# Lab 11 Solution - Extended Exercises on Time Series Clustering

You are the Senior Data Scientist in a learning platform called LernTime. Your data science team built a data frame in which each row contains the aggregated features per student (calculated over the first 5 weeks of interactions) and the feature `dropout` indicates whether the student stopped using the platform (1) or not (0) before week 10.

The dataframe is in the file `lerntime.csv` and contains the following features:
- `video_time`: total video time (in minutes) 
- `num_sessions` total number of sessions
- `num_quizzes`: total number of quizzes attempts
- `reading_time`: total theory reading time
- `previous_knowledge`: standardized previous knowledge
- `browser_speed`: standardized browser speed
- `device`:  whether the student logged in using a smartphone (1) or a computer (-1)
- `topics`: the topics covered by the user
- `education`: current level of education (0: middle school, 1: high school, 2: bachelor, 3: master, 4: Ph.D.).
- `dropout`: whether the student stopped using the platform (1) or not (0) before week 5.

In [None]:
import pandas as pd

import numpy as np
from scipy import linalg

from sklearn.metrics import silhouette_score
from sklearn.neighbors import kneighbors_graph
from sklearn.metrics.pairwise import pairwise_kernels
from sklearn.manifold import spectral_embedding
from scipy.sparse.csgraph import laplacian
from sklearn.cluster import KMeans
from scipy.spatial.distance import pdist, squareform

# Data directory
DATA_DIR = "./../../data/"

In [None]:
df = pd.read_csv(f'{DATA_DIR}/lerntime_dropout.csv')

In [None]:
df.head()

You decide to explore the different type of users.

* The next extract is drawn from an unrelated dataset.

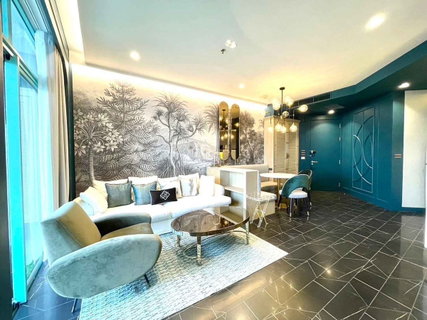 LTH10877–Chatrium Residence Riverside FOR SALE 1 beds 1 baths size 60 Sq.m. Near BTS Saphan Taksin Station ONLY 12.5MB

You want to use your knowledge from your ML4BD course and decide to cluster using Spectral Clustering. 
In the course, you learnt different ways of constructing the similarity graph, yielding the adjacency matrix serving as an input to the Spectral Clustering. 
Based on your in-depth exploration of the data, you decide to construct the similarity graph as a  *k-nearest neighbor graph*.

Your tasks are to:

a) Write a function to compute the k-nearest neighbor graph.

b) Cluster the users using Spectral Clustering and your k-nearest neighbor graph function (use 4 neighbors). Use only the features *reading_time* and *topics*. You can assume that optimal number of clusters is 2.

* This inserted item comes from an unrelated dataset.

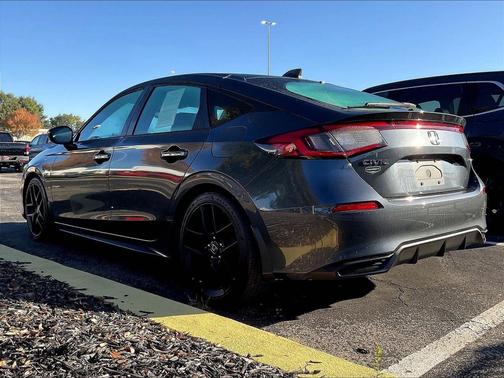 Meteorite Gray Metallic 2025 Honda Civic Sport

## a) Computation of the k-nearest neighbor graph 
Unfortunately, there is no k-nearest neighbor graph implementation available in scikit-learn and you therefore have to implement the function yourself.

The function `'k_nearest_neighbor_graph'` takes a similarity matrix `S` as well as the number of neighbors `k` as an input an returns the adjacency matrix `W`.

Note that we will not evaluate the coding efficiency of your function. 

In [None]:
def k_nearest_neighbor_graph(S, k):
    # S: similarity matrix
    # k: number of neighbors
   
    S = np.array(S)
    # k+1 because include_self. -S to pass from similarity to distance, +translation to avoid negative values
    G = kneighbors_graph(-S + S.max(), k+1, metric='precomputed', mode='connectivity', include_self=True).toarray()
    W = (G + G.T).astype(bool) * S
    
    return W

In [None]:
k = 2
# Please run this cell for evaluation purposes
S = [[1, 0.2, 0.7, 0.1],
     [0.2, 1, 0.8, 0.4],
     [0.7, 0.8, 1, 0.6],
     [0.1, 0.4, 0.6, 1]]

k_nearest_neighbor_graph(S, k)

In [None]:
# Please run this cell for evaluation purposes
S = [[1, 0.3, 0.01, 0.1],
     [0.3, 1, 0.8, 0.9],
     [0.01, 0.8, 1, 0.6],
     [0.1, 0.9, 0.6, 1]]

k_nearest_neighbor_graph(S, k)

## b) Spectral Clustering 
Perform a spectral clustering using a k-nearest neighbor graph (with 4 neighbors). 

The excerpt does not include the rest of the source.